Lining the path are statues gifted by other countries as gestures of peace.

Peace Statue

Drive to Kumamoto

Today we plan to drive to to Kumamoto. There are three choices of route; by expressway (126 miles), by road and ferry (65 miles) or by local roads (113 miles). The dilemma is that it’s been snowing and we’re not sure about driving conditions.

I program Google Maps, which recommends the expressway and we set off just before 11 am. ETA 2 pm. It’s a sunny day and the snow that fell overnight has pretty much gone. However, when we reach the expressway it is shut.

Undeterred, Google attempts to take us to a different expressway. Also closed. At this point, Google decides not to play any more and freezes.

We are near some water; option three was to skirt around Ariake Bay, so the old man decides to drive around the water. Unfortunately, it’s not Ariake Bay, but Omura Bay we’ve skirted. 90 minutes after checking out of our hotel in Nagasaki, we drive past it again.
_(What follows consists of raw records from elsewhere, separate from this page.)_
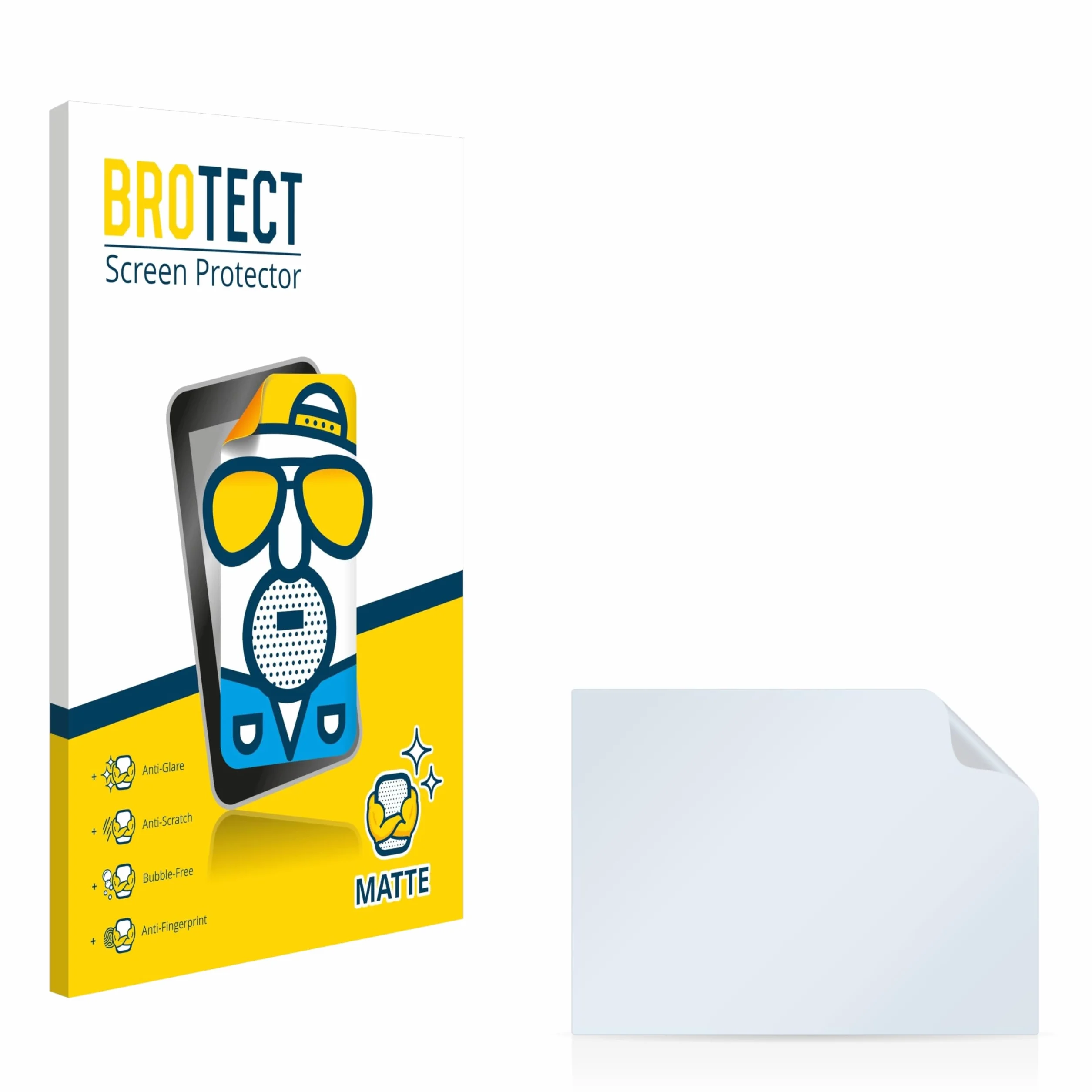 brotect Pellicola Protettiva Opaca 15" per PC touch panel con 38.1 cm (15,0 pollici) [305 mm x 228 mm, 4:3] Proteggi Schermo Anti-Riflesso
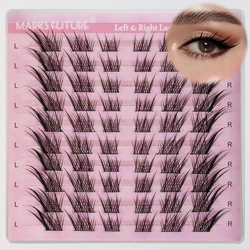 Natural eyelash cluster DIY eyelash extension eyelash extension slim 3D cat eye eyelash cluster left and right C curly single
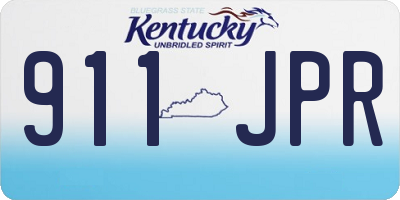 KY license plate 911JPR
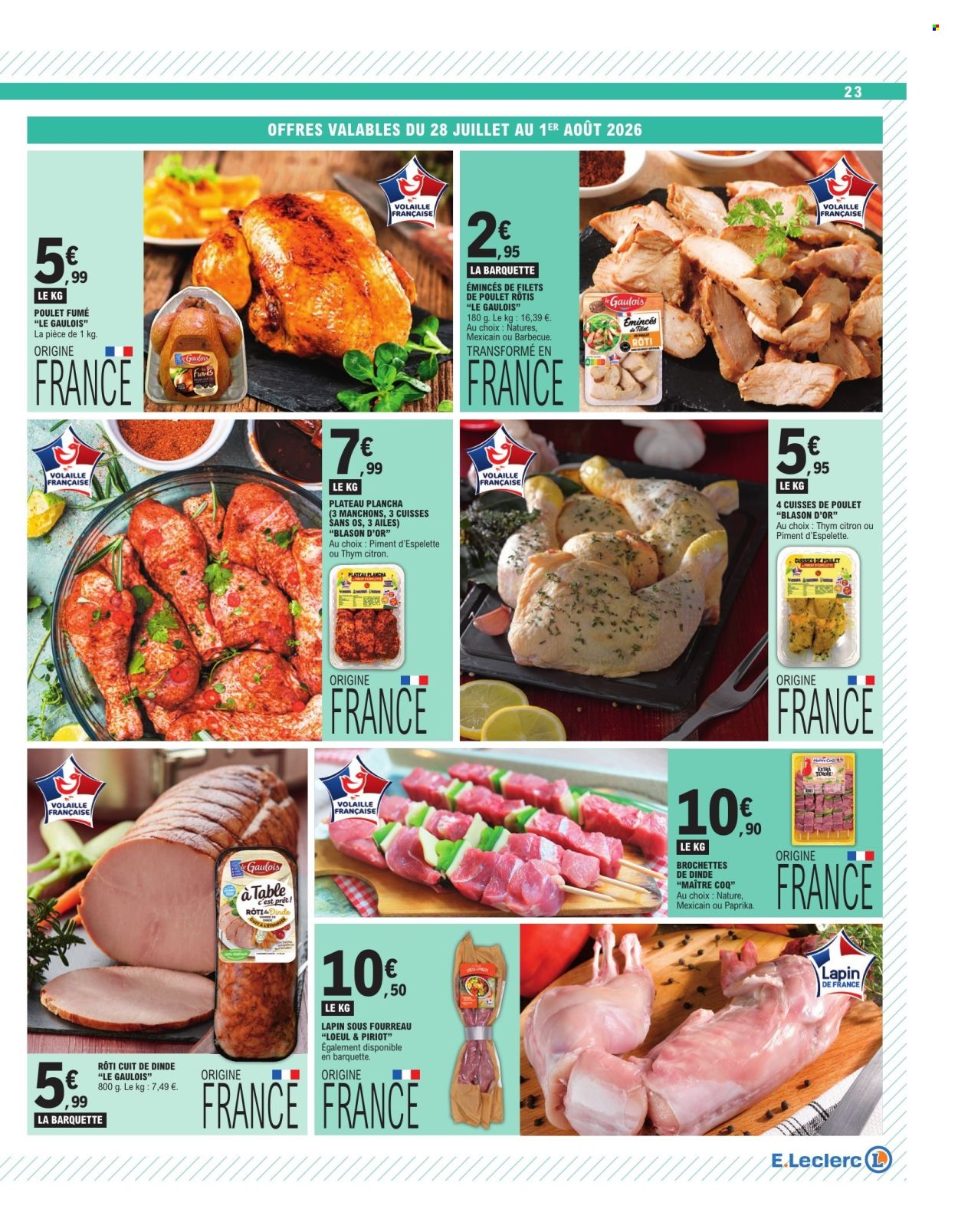 Catalogue E.Leclerc - 28/07/2026 - 08/08/2026. Page 23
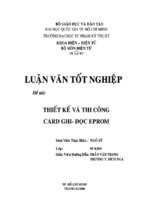 Thiết kế và thi công card ghi   đọc eprom   luận văn, đồ án, đề tài tốt nghiệp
I want to give up and remain in Nagasaki until the expressways reopen. The old man is determined to soldier on. We decide to have a bash with the car GPS, even though it’s in Japanese, so we can’t understand the instructions or read the place names, which makes it impossible to program. But at least it has the closed expressway junctions indicated.

And so we set off once more on a road which takes us round the correct bay. An hour later, the GPS decides the expressway isn’t closed any more and directs us onto the next junction, where a man asks us where we’re going, mmthen tells us it is, in fact, still closed.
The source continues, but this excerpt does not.